- _What is being asked_:
When you write out the listing, keep each word exactly as it stands but include none of its images.

- _Data block_:
:::::
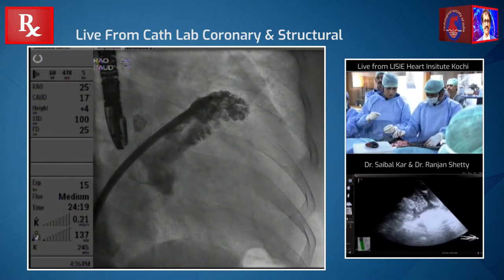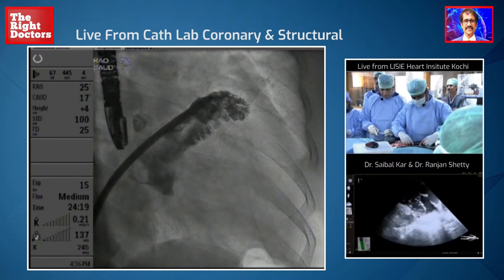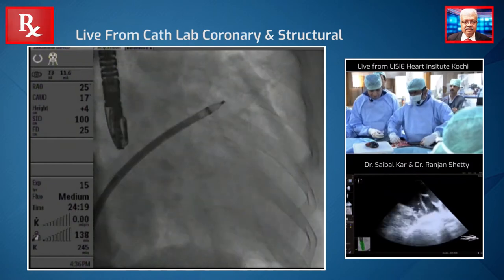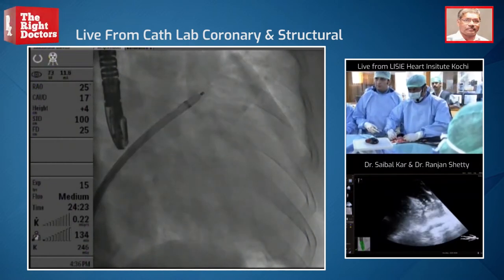So what I'm going to do is I'm just going to create a ball over here, and I'm going to release a part of the device.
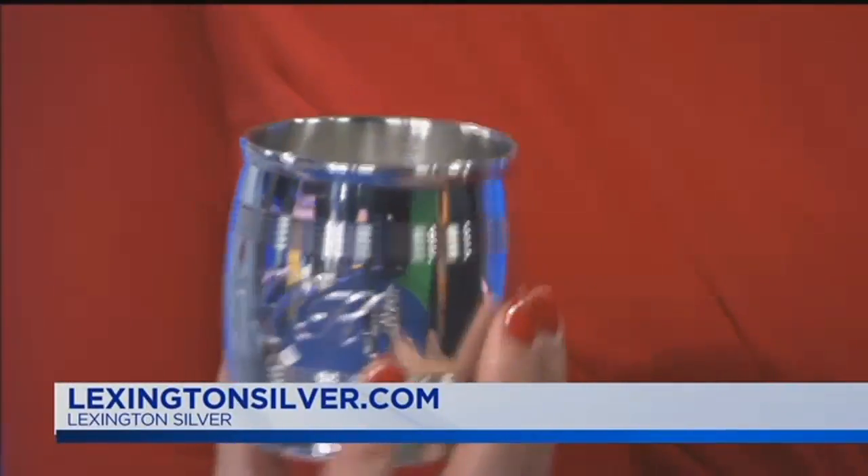Great gift ideas — this is awesome. Fran, congratulations on all the success. Thank you, we're so happy for you. Stick around — comedian Etta Mays is here and we're going to share some more Halloween picture fails from the Live with Lee and Haley Facebook page. That's coming up in just a moment.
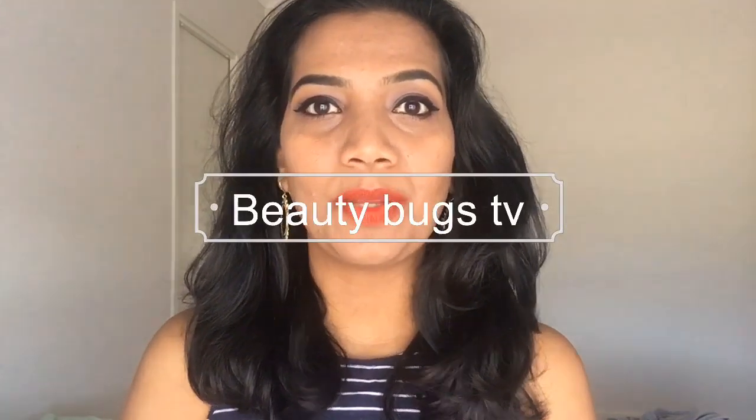Hello guys, welcome back to my channel Beauty Bugs TV. My name is Priyanka. In this video, I am going to show you how to use BB cream.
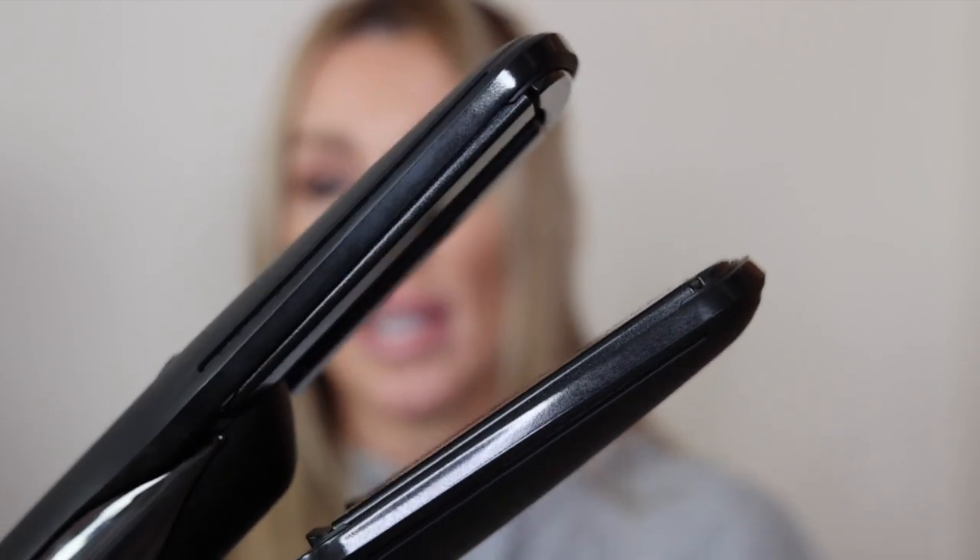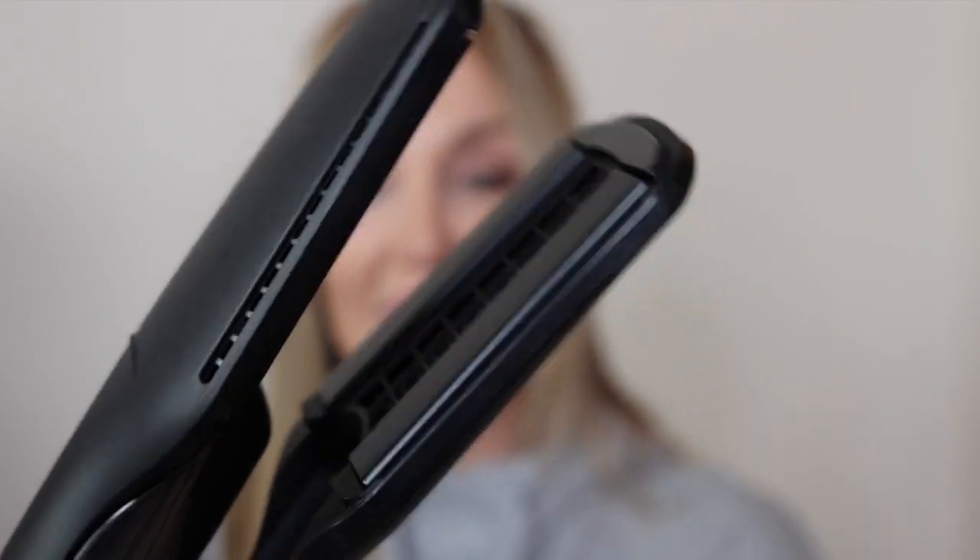You can tell this is in flat iron mode when the light around the on/off button is a solid illuminated light. When it blinks, that means it's heating up, and when it's solid that tells me the flat iron plates on the inside are heated and ready. It says in the directions several times that the shine shot is not to be used on wet hair, so I want to be careful of that — it does get super hot.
:::::
- _Task output_:
So what I'm going to do is I'm just going to create a ball over here, and I'm going to release a part of the device.
Great gift ideas — this is awesome. Fran, congratulations on all the success. Thank you, we're so happy for you. Stick around — comedian Etta Mays is here and we're going to share some more Halloween picture fails from the Live with Lee and Haley Facebook page. That's coming up in just a moment.
Hello guys, welcome back to my channel Beauty Bugs TV. My name is Priyanka. In this video, I am going to show you how to use BB cream.
You can tell this is in flat iron mode when the light around the on/off button is a solid illuminated light. When it blinks, that means it's heating up, and when it's solid that tells me the flat iron plates on the inside are heated and ready. It says in the directions several times that the shine shot is not to be used on wet hair, so I want to be careful of that — it does get super hot.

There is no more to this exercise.